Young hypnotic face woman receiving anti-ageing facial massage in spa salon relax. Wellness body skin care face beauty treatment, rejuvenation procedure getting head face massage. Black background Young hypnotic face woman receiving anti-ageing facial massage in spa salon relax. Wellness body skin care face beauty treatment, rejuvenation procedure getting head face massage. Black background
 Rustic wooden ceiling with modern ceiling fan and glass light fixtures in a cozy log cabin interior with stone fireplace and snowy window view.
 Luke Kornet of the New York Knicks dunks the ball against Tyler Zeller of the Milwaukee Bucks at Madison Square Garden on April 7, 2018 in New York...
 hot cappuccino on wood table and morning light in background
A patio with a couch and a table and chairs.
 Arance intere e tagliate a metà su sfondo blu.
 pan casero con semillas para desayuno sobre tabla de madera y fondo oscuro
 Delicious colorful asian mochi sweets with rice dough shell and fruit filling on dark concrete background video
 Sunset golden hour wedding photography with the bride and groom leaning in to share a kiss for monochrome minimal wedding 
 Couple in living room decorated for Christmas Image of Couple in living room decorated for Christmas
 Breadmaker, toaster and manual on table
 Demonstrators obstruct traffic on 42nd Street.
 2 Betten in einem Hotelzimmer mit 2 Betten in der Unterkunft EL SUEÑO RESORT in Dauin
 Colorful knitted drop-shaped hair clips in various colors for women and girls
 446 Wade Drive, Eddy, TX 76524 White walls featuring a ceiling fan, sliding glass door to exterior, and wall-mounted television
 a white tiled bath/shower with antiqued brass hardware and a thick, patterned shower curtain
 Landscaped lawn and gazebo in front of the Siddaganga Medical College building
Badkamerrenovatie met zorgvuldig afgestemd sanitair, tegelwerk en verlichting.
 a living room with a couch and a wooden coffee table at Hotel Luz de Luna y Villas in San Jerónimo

-------------------------

◆ Goal of the exercise
Which lines in the records contain the word "table"? Copy each one.

◆ Task solution
 hot cappuccino on wood table and morning light in background
A patio with a couch and a table and chairs.
 Breadmaker, toaster and manual on table
 a living room with a couch and a wooden coffee table at Hotel Luz de Luna y Villas in San Jerónimo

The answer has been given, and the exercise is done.